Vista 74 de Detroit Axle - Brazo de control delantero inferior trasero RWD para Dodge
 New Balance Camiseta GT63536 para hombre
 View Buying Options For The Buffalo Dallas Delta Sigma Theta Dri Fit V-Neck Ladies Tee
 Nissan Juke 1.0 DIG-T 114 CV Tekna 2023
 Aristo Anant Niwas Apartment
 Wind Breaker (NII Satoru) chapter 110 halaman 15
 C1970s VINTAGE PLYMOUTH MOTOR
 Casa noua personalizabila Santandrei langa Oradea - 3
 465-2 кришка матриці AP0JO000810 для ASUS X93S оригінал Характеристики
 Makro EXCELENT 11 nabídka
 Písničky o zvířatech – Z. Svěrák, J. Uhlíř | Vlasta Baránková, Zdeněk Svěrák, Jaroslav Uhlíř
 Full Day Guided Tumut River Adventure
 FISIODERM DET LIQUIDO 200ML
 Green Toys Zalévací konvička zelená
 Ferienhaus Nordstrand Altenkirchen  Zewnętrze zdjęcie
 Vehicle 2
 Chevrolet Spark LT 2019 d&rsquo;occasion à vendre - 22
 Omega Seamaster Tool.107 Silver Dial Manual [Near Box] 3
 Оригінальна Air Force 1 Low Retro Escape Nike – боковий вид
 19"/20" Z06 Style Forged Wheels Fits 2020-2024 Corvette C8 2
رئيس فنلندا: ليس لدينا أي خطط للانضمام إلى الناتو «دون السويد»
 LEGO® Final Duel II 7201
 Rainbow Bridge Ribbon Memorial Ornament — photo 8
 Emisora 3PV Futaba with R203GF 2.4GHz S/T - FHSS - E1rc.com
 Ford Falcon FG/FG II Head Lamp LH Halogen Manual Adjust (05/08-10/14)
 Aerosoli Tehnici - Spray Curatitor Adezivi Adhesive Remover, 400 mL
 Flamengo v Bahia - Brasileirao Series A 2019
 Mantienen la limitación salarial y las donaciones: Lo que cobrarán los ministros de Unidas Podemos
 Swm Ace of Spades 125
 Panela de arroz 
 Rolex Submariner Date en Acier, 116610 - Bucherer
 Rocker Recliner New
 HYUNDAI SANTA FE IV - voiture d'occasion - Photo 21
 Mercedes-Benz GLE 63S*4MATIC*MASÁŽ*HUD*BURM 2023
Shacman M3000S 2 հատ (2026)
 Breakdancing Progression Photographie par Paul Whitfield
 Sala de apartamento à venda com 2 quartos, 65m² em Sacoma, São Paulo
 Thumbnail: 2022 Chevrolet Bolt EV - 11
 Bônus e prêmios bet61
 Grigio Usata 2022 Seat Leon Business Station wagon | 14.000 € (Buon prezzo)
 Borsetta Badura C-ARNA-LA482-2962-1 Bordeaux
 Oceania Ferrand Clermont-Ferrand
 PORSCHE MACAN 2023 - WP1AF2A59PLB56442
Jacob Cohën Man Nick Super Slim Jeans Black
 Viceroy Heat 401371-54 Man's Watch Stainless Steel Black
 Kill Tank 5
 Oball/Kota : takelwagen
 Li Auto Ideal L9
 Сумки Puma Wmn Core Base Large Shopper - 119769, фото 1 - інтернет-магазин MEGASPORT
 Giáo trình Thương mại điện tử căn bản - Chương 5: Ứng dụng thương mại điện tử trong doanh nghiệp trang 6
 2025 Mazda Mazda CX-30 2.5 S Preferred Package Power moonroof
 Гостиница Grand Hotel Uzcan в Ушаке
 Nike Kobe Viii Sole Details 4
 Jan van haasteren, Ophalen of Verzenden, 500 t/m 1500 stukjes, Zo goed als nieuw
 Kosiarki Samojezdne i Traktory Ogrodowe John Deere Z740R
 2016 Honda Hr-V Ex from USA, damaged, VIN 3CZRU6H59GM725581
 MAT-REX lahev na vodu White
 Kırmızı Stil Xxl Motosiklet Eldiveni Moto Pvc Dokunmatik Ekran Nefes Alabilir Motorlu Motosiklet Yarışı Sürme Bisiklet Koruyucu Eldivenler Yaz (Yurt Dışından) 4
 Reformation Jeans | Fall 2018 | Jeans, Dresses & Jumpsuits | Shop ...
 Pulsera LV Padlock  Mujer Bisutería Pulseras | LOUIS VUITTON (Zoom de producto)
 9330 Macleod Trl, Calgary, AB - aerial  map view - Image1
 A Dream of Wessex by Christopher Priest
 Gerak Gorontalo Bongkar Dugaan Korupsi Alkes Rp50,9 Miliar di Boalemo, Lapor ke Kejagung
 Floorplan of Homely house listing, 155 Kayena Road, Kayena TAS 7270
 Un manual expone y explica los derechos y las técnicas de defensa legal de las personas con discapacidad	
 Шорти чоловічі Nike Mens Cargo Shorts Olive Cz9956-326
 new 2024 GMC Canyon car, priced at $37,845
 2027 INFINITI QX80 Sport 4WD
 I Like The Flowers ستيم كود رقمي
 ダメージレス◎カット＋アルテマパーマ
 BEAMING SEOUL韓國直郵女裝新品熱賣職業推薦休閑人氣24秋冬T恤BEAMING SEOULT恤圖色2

○ ○ ○ ○ ○ ○ ○

Task details:
Print, exactly as written, the first line of the records above and each line after it until the line with "C1970s VINTAGE PLYMOUTH MOTOR", which is printed too.

Expected output:
Vista 74 de Detroit Axle - Brazo de control delantero inferior trasero RWD para Dodge
 New Balance Camiseta GT63536 para hombre
 View Buying Options For The Buffalo Dallas Delta Sigma Theta Dri Fit V-Neck Ladies Tee
 Nissan Juke 1.0 DIG-T 114 CV Tekna 2023
 Aristo Anant Niwas Apartment
 Wind Breaker (NII Satoru) chapter 110 halaman 15
 C1970s VINTAGE PLYMOUTH MOTOR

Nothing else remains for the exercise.